Bez wątpienia Ludka Skrzydlewska to moje TOP3 ulubionych autorek z Polski - i to już piszę na samym wstępie, bo jeśli jeszcze nie czytałyście innych pozycji od tej twórczyni, to szybciutko musicie to nadrobić!
Bo jednak dalej uważam, że "Jego własność" to jak na Ludkę Skrzydlewską to "średniaczek" - bo daję tylko osiem na dziesięć gwiazdek, a przecież zwykle daje wyższe noty! Więc jeśli chcecie od czegoś zacząć, to może "Sentymentalna bzdura" lub "Przeczucie" lub "Fikcyjna dziewczyna" lub... Okej, nie każcie mi wypisywać wszystkich polecanych tytułów!

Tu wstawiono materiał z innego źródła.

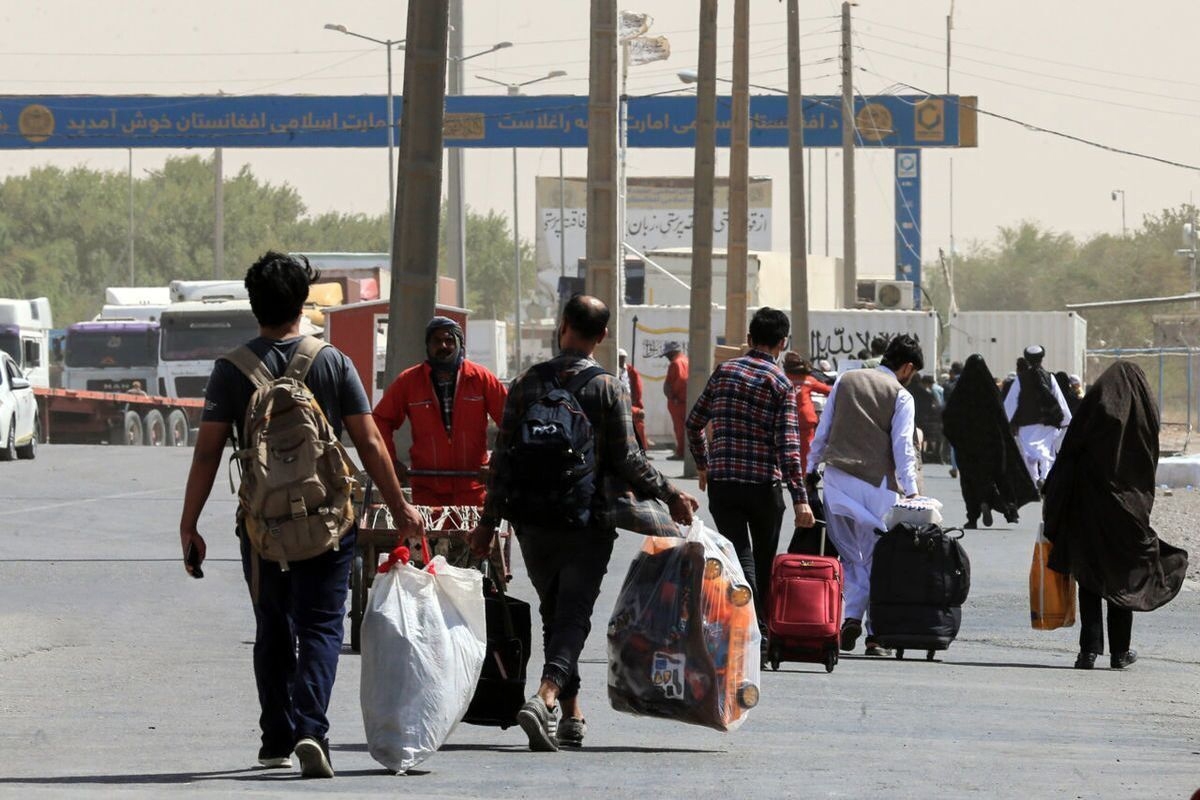 ۴۰۸ زندانی افغانستانی از مرز دوغارون تایباد به کشورشان منتقل شدند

Ustalmy jedno - jak "średniaczek" w wykonaniu tej pisarki ma tak wysoką notę, to naprawdę na jej książkach nie można się zawieść. Ja w każdym razie od czasu jej debiutu jestem nią oczarowana!

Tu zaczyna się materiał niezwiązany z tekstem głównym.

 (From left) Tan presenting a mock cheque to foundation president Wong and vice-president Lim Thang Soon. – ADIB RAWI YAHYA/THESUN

Wróćmy jednak do "Jego własności" - czyli do powieści, która po raz kolejny jest doskonałym połączeniem akcji, tajemnicy i romansu. Nie zabrakło także pikanterii, sarkazmu i ironii - a to wszystko oprószone jest odpowiednią dawką humoru.
Oprócz tego widać także, że autorka doskonale wie, o czym pisze - więc chociaż pojawia się tu wiele informacji na temat kolekcjonerów, dzieł sztuki, słynnych artystów i pracy osoby, która specjalizuje się w ocenianie oryginalności obrazów, to jednak Ludka Skrzydlewska nie zawiodła!
Do tego wszystkiego Bronte jest naprawdę fajną bohaterką - twarda z niej kobieta, można by powiedzieć, że niejeden facet ma mniejsze jaja od niej. Jeśli chodzi o takie wstępne informacje dotyczące tego, jak poznajemy tę bohaterkę - mamy w opisie, ale w skrócie: narzeczony Bronte wykorzystuje ją do dokonania przekrętu, a później znika, a dziewczyna musi sprzątać jego syf...
Wolfe'a początkowo średnio lubiłam, ale ostatecznie zaczęłam go darzyć sympatią - bo ustalmy: nie ma chyba faceta wśród męskich bohaterów stworzonych przez tę pisarkę, których bym ostatecznie nie polubiła. Akurat tworzenie postaci, szczególnie męskich, to zdecydowanie jej talent.
Zresztą, ustalmy, że w tej pozycji największą wadą jest to, że ona się kiedyś kończy. Tak to, nie licząc tego, że opisuje dzieła sztuki, sama jest takim małym dziełem sztuki na polskim rynku wydawniczym w kategorii romansów.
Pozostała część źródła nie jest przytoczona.